Chinese CDs sales annoy Vietnam

HANOI (AFP): Vietnamese officials are warning of new "cultural pollutants" sweeping the country, propagating reactionary and indecent thoughts among the young.

But the source of this contamination is not the western countries that Hanoi's cultural commissars often blame for a variety of ills. Instead, its communist neighbor China, the world's largest producer of pirate compact and laser discs.

In recent months, stalls selling CDs from artists as varied as U.S. grunge band Nirvana to Richard Clayderman, a pop pianist who has won particular favor among the Vietnamese, have sprung up across Hanoi and Ho Chi Minh City.

Discs smuggled in across the Chinese border cost only US$2, affordable for Vietnamese who have been splurging on motorbikes and electronics goods as the country emerges from long years of austerity.

"Compact and laser discs containing reactionary or indecent material such as indecent Playboy erotic movies can be purchased across the country," complained the Saigon Giai Phong newspaper in a recent article.

Vietnam is not the first to complain about Chinese-made CDs. The United States has threatened to keep Beijing out of the World Trade Organization unless it closes 26 factories producing CDs, laser discs and CD-ROM computer discs.

U.S. officials say the factories can produce 75 million units annually, most of which are exported to Southeast Asia, and has said China faces trade penalties unless it ends a trade that costs the United States $1 billion a year.

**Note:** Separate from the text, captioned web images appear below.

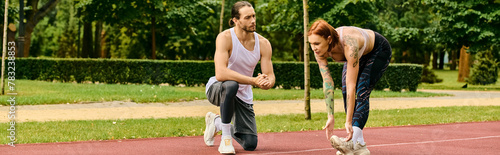 A determined woman in sportswear practice sport with personal trainer on a sunny day outdoors.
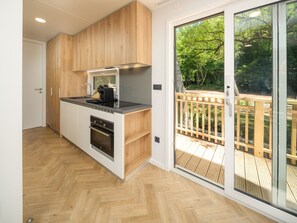 A modern kitchen with wooden cabinets, a built-in oven, and a large sliding glass door leading to a deck.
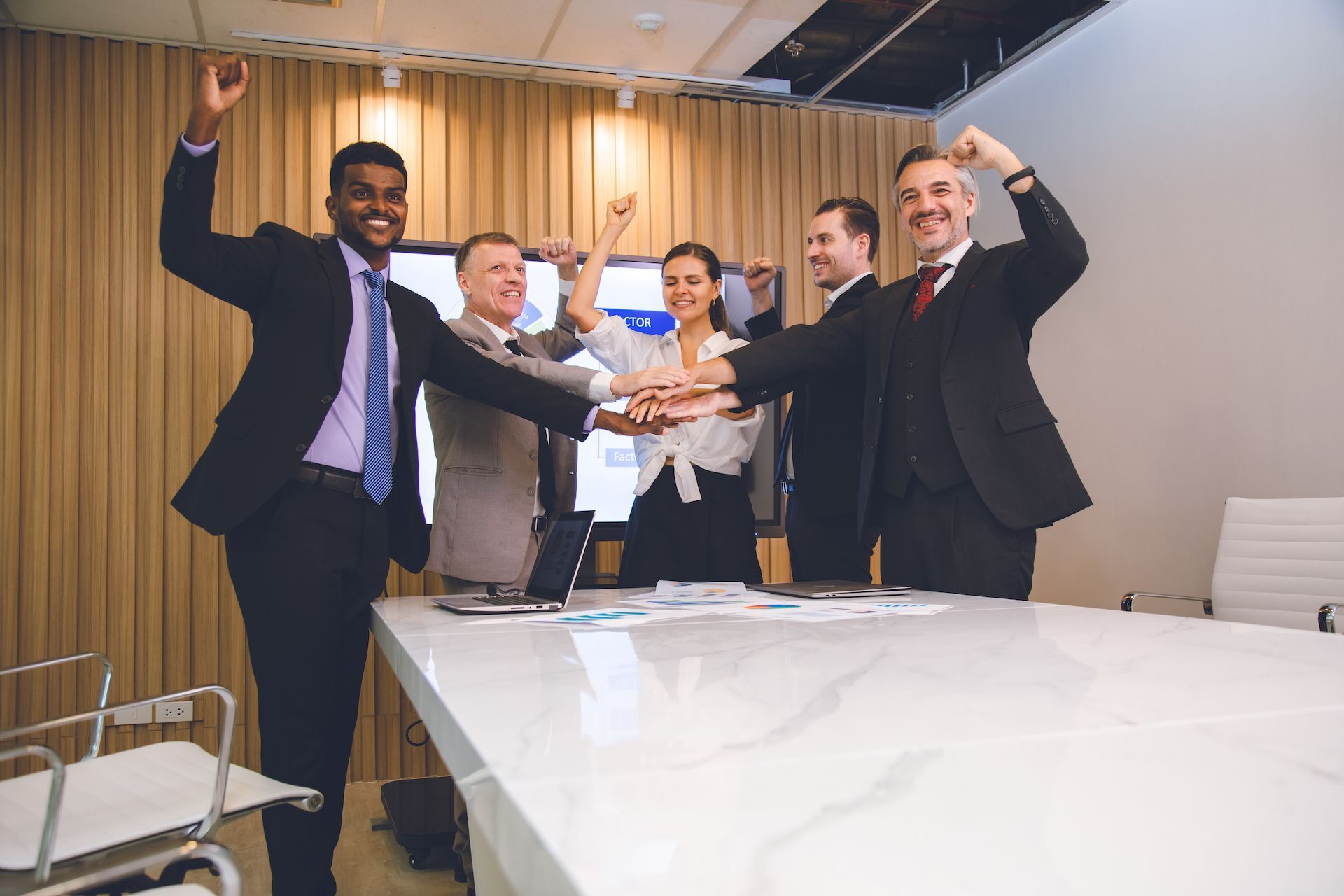 A group of business people are putting their hands together in a conference room.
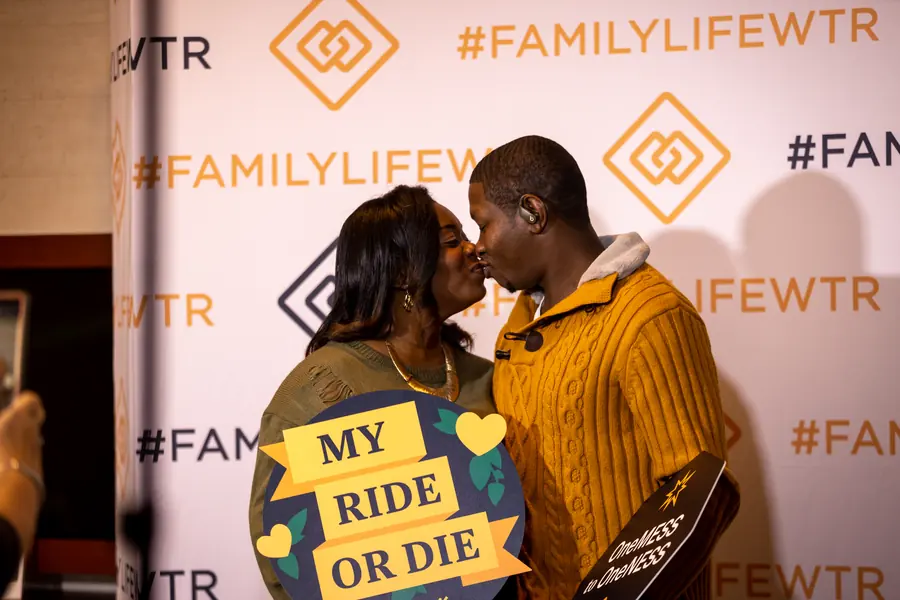 Couple photographed at an event step-and-repeat backdrop
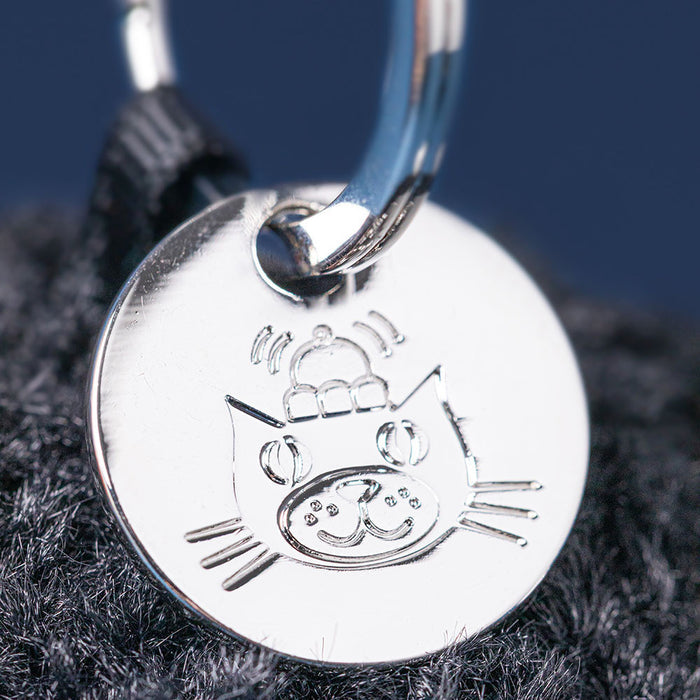 Silver Jellycat pendant on a dark fabric background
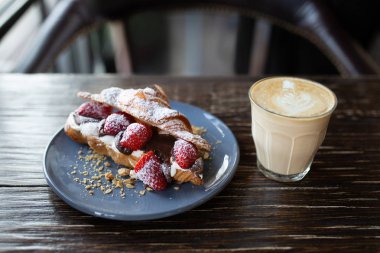 Çilekli kruvasan ve pudra şekerli çikolata. Taze çilekli çıtır kruvasan. Vejetaryen kahvaltısı. Fransız ekmeğiyle kahve. Çilekli çikolatalı kruvasan.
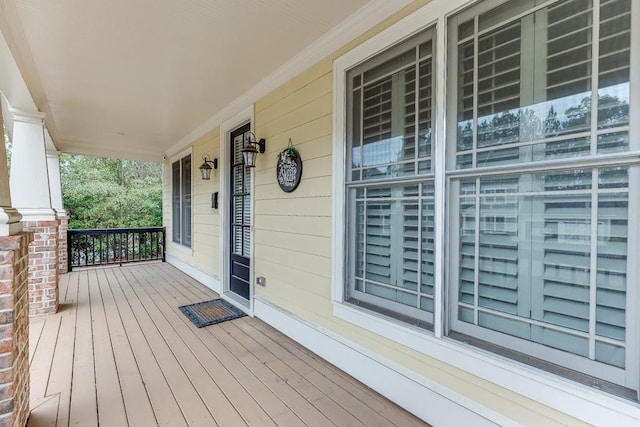 wooden terrace featuring covered porch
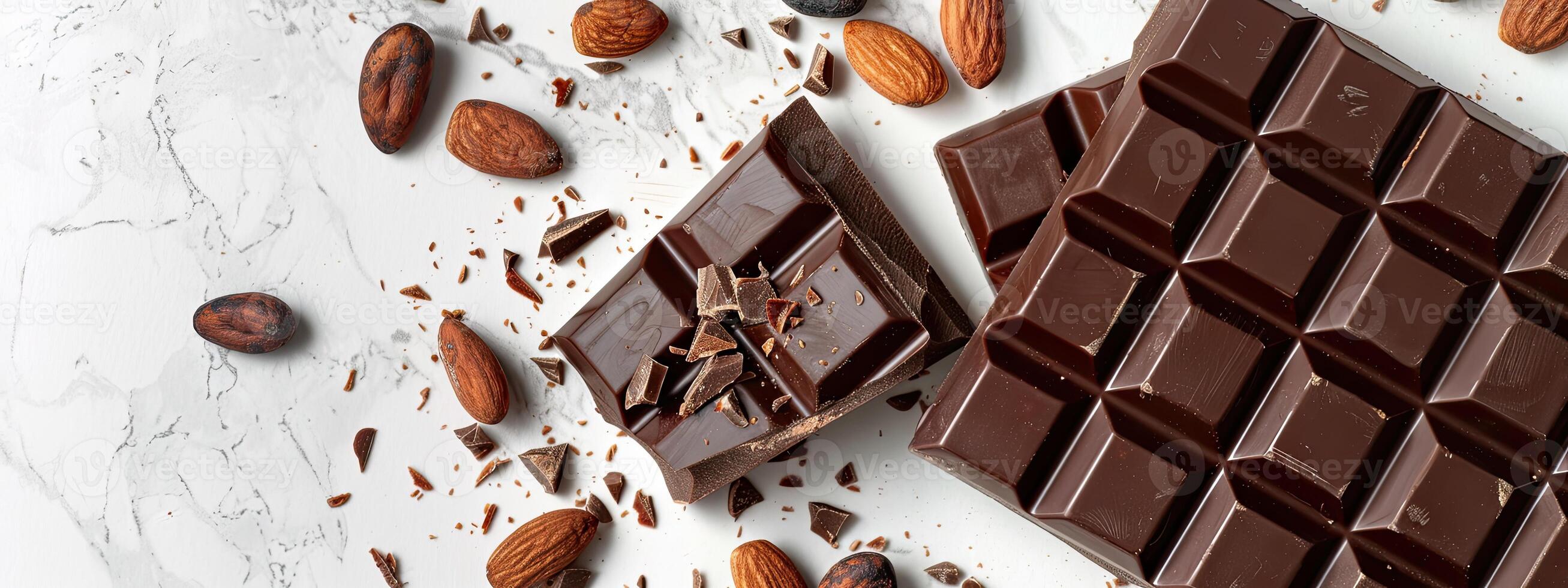 Chocolate bar with cacao beans and almonds scattered around it photo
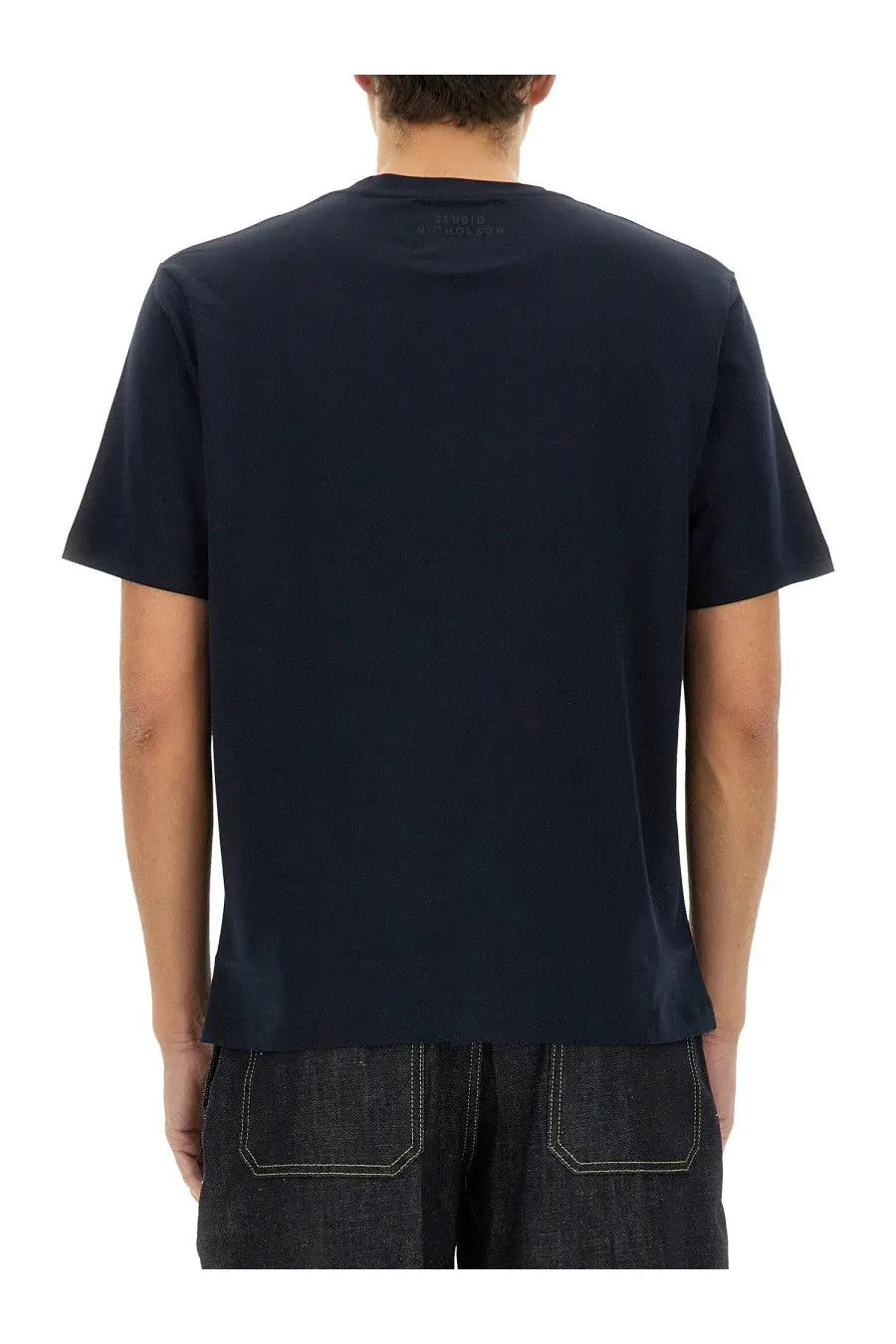 Studio Nicholson men’s jersey shirt in dark navy blue with short sleeves and a subtle brand tag at the neckline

But for Vietnam, the issue is less about intellectual property rights -- a concept only recently acknowledged here -- than about the government's increasingly desperate attempts to keep out what it sees as unsavory influences.

"This market is posing a real threat that demands immediate action if the government wants to strengthen itself on the ideology and culture front," the official newspaper warned.

Too late

Authorities may be too late. Saccharine-sweet love songs by overseas Vietnamese have left revolutionary anthems in the dust, while the bumping and grinding of bikini-clad women is a popular video alternative to the stale fare on state television.

Market forces unleashed here in 1987 are spreading foreign culture at an unstoppable pace, with fierce competition between CD traders keeping prices rock bottom.

"Our profits are very low because of the strong competition between retailers and the cost of imported goods from China," said Hung, who works in a shop on Hai Ba Trung Street, Hanoi's electronics center, where more than 100 shops vie for customers. CDs cost retailers just one dollar, while those who smuggle goods across the border get about five percent of their value, traders say.

Bribes clear the goods quickly through customs to avoid the 30 percent tax on discs, which are also supposed to be approved by the Minister of Culture and Information but rarely are.

The goods are part of the growing cross-border trade with China, which is officially put at around $500 million a year, although smuggling may mean the real figure is much higher.

Hanoi has signed several agreements with Beijing to regulate the trade, most recently during a visit last week by Chinese President Jiang Zemin, but implementation has been weak and Vietnam has found itself powerless next to its neighbor's exporting muscle.

The government's diktats regularly go unenforced in the independent-minded border provinces, but new regulations or crackdowns on pirated goods in China often have the effect of sending new waves of traders across the border.

A recent ban on satellite dishes in China sent prices plummeting in Vietnam as thousands were shipped across the border to be snapped up by a population increasingly eager for entertainment.